-------- EXERCISE INPUT --------

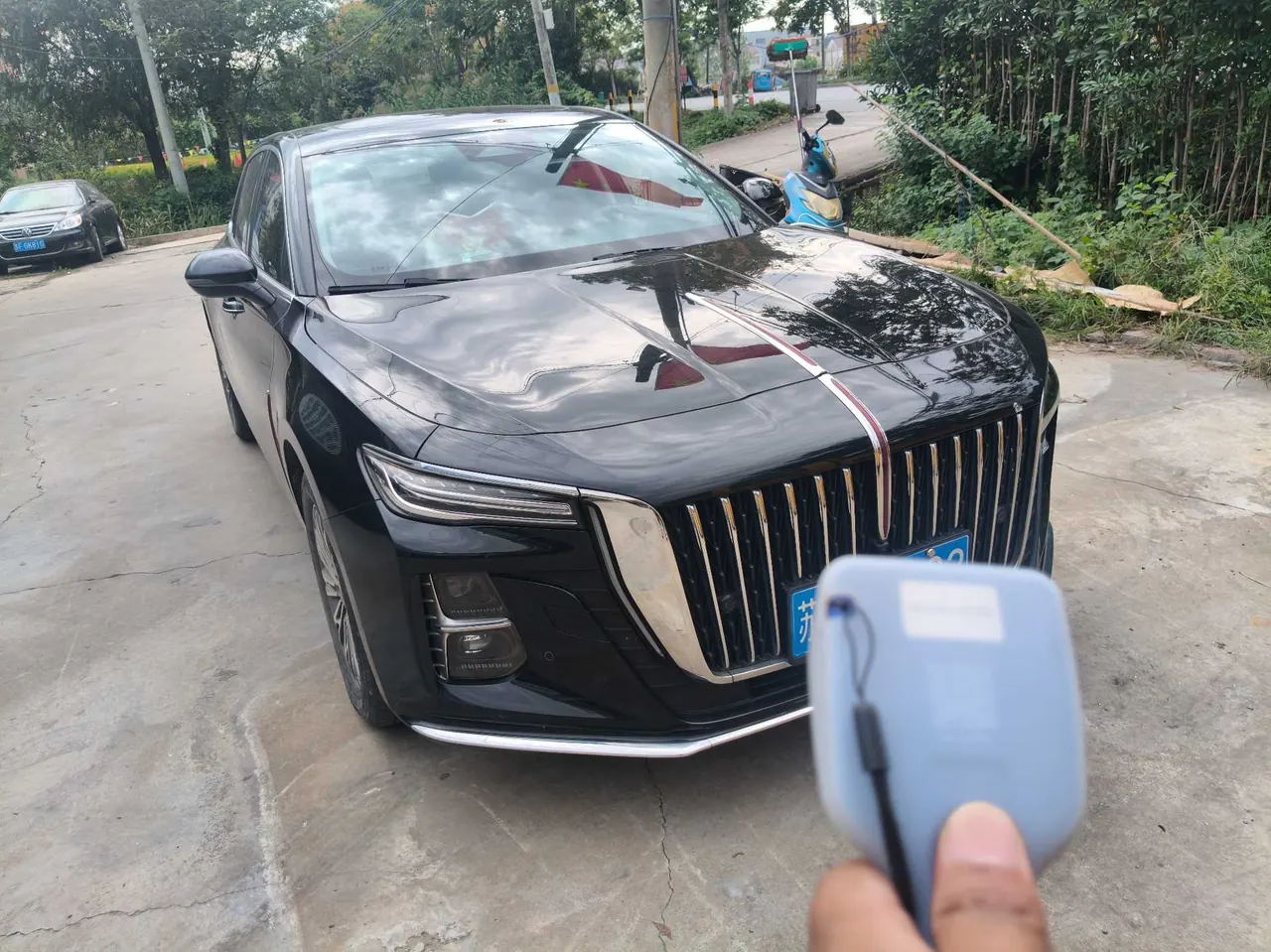 HongQi 2023 H5 2.0T Zhilian Flag Edition Automatic Gear 2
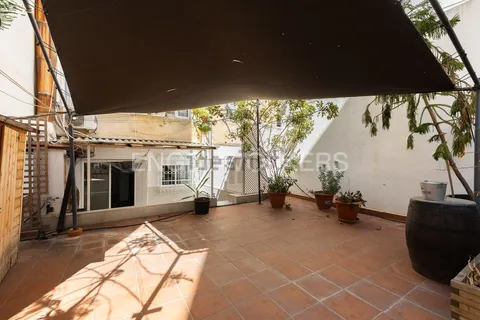 Pis de 77 m² a València
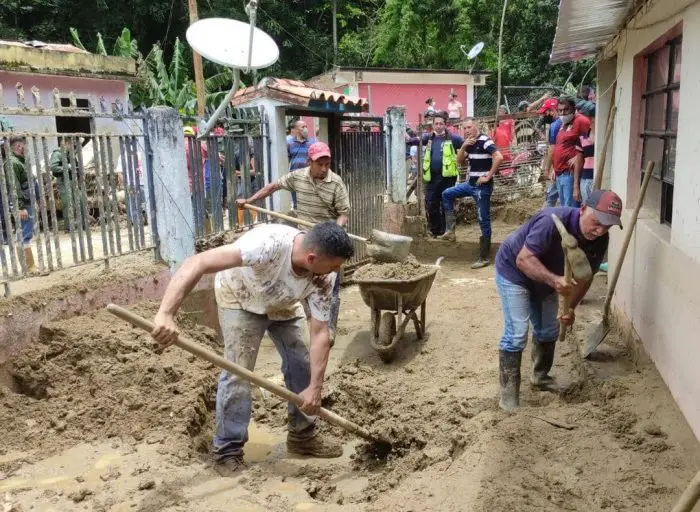 Comienza a llegar ayuda humanitaria a Mérida tras lluviasComienza a llegar ayuda humanitaria a Mérida tras lluvias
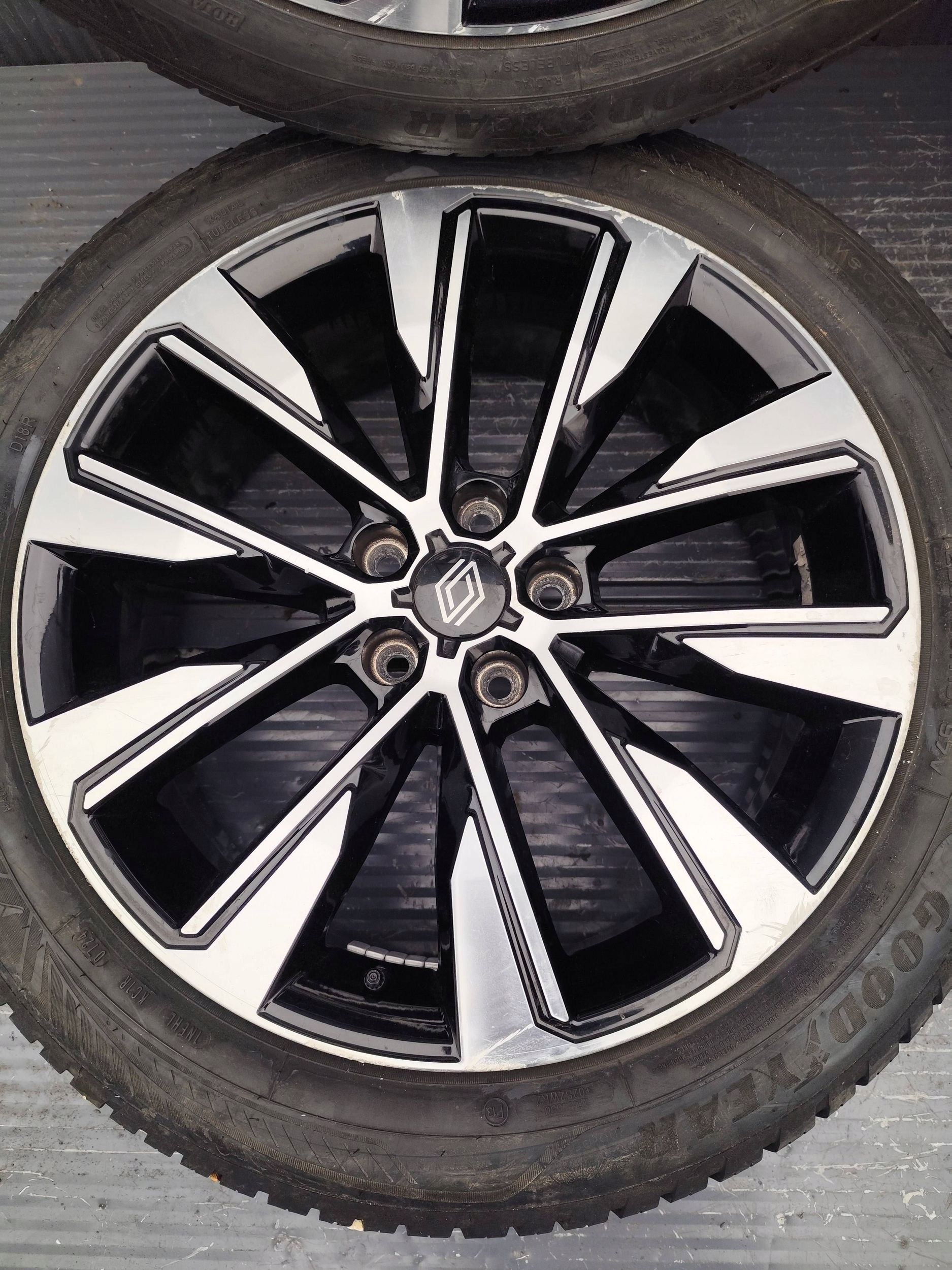 RENAULT AUSTRAL wheels discs ALU 205/55/19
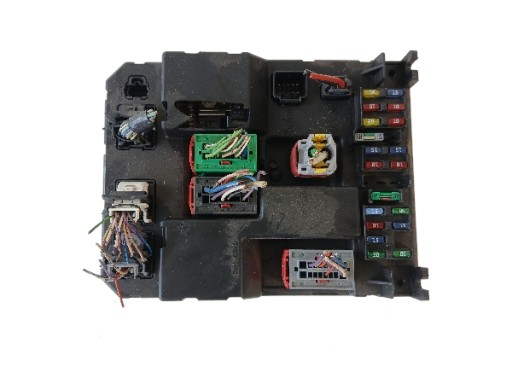 PEUGEOT 307 Module fusibles 9651197680A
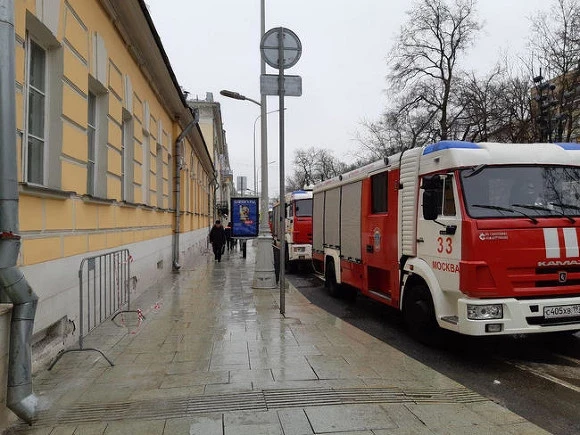 Мужчина и женщина стали жертвами квартирного пожара в центре Москвы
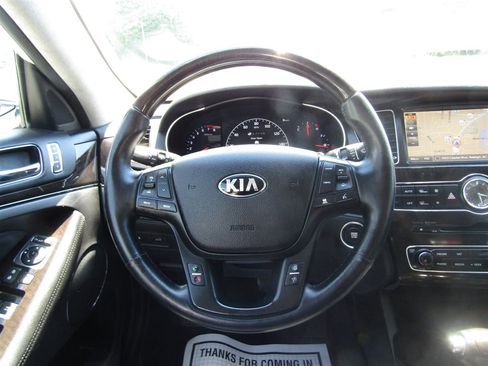 Used 2016 Kia Cadenza Limited FWD image 28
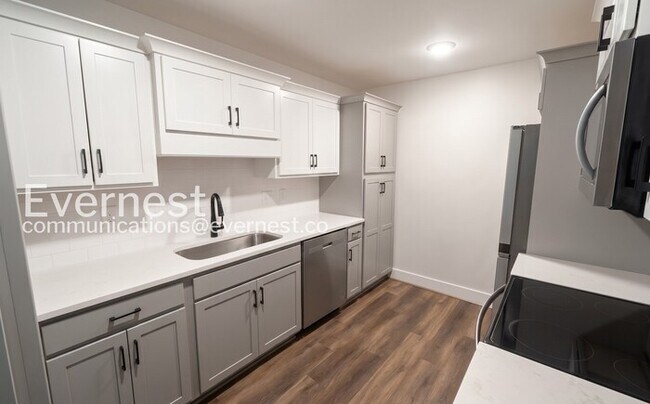 Foto del edificio - Modern Condo with Pool Access and Patio | Available Now!
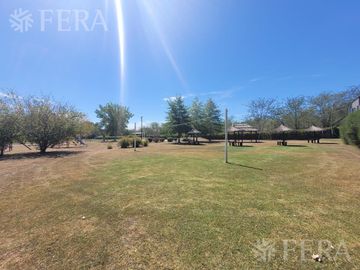 Casa de 4 ambientes con fondo libre en Village del Parque - Berazategui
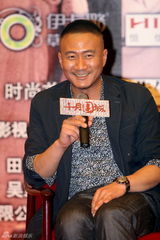 高清组图：《十月围城》首映 李嘉欣黎明亲密结伴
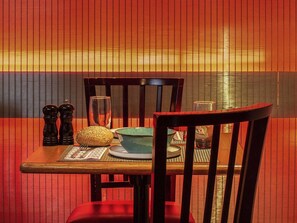 Der serveres frokost og aftensmad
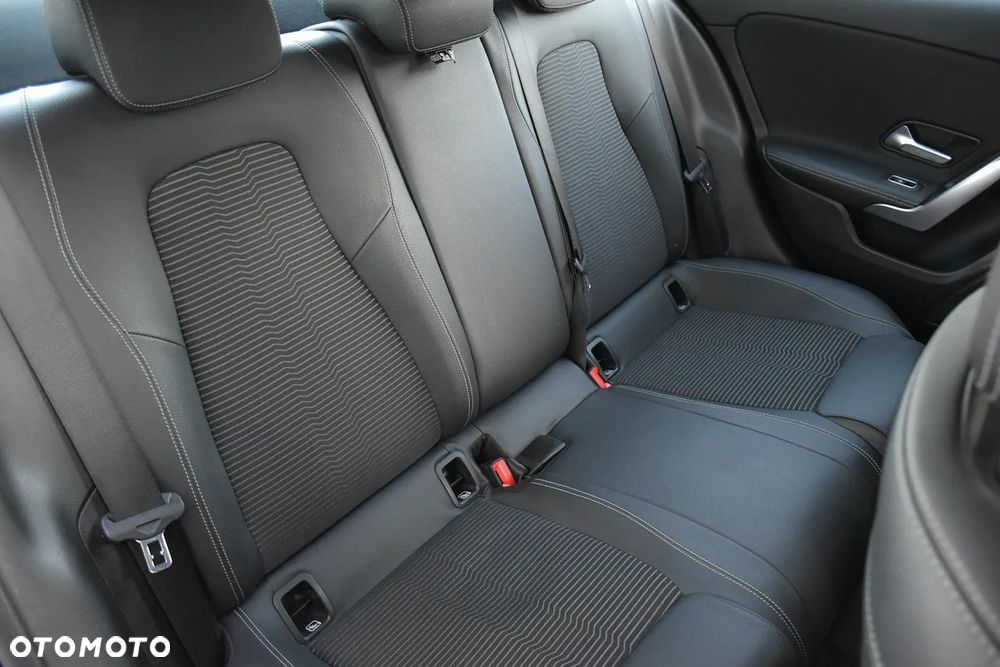 Mercedes-Benz Klasa A 250 e 8G-DCT Progressive Advanced - 35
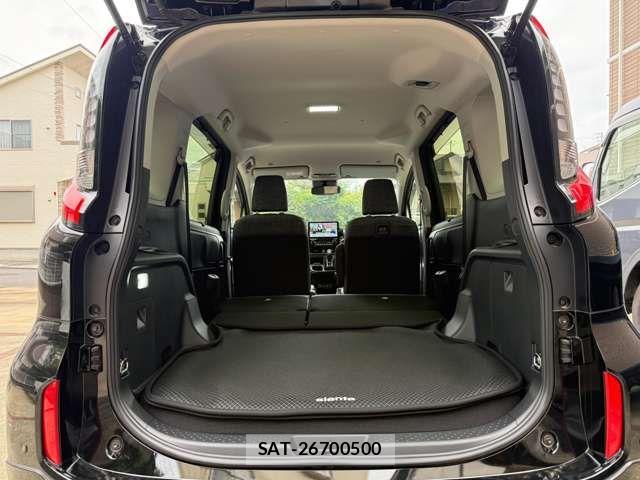 Toyota SIENTA 2023-09 8831603-18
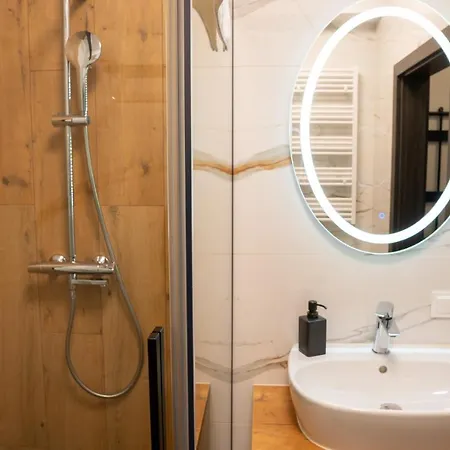 Z Basenem I Saunami Stone Hill Vip Centrum By Royal Aparts Sklářská Poruba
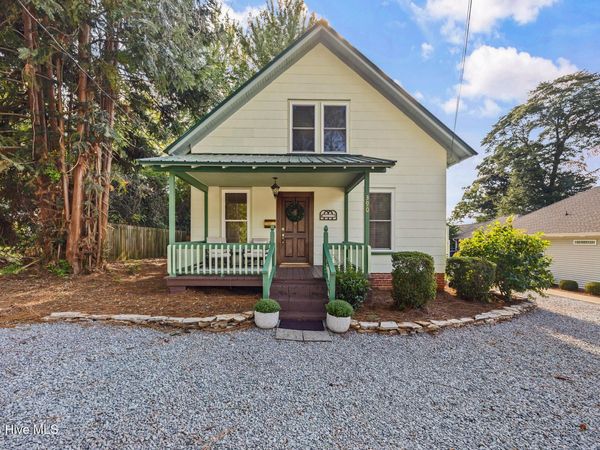 390 W Connecticut Avenue, Southern Pines, NC 28387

--------

* [ASSIGNMENT]: An exact copy of every record above is required, with all pictures omitted.

* [SOLUTION FOR THIS TASK]:
 HongQi 2023 H5 2.0T Zhilian Flag Edition Automatic Gear 2
 Pis de 77 m² a València
 Comienza a llegar ayuda humanitaria a Mérida tras lluviasComienza a llegar ayuda humanitaria a Mérida tras lluvias
 RENAULT AUSTRAL wheels discs ALU 205/55/19
 PEUGEOT 307 Module fusibles 9651197680A
 Мужчина и женщина стали жертвами квартирного пожара в центре Москвы
 Used 2016 Kia Cadenza Limited FWD image 28
 Foto del edificio - Modern Condo with Pool Access and Patio | Available Now!
 Casa de 4 ambientes con fondo libre en Village del Parque - Berazategui
 高清组图：《十月围城》首映 李嘉欣黎明亲密结伴
 Der serveres frokost og aftensmad
 Mercedes-Benz Klasa A 250 e 8G-DCT Progressive Advanced - 35
 Toyota SIENTA 2023-09 8831603-18
 Z Basenem I Saunami Stone Hill Vip Centrum By Royal Aparts Sklářská Poruba
 390 W Connecticut Avenue, Southern Pines, NC 28387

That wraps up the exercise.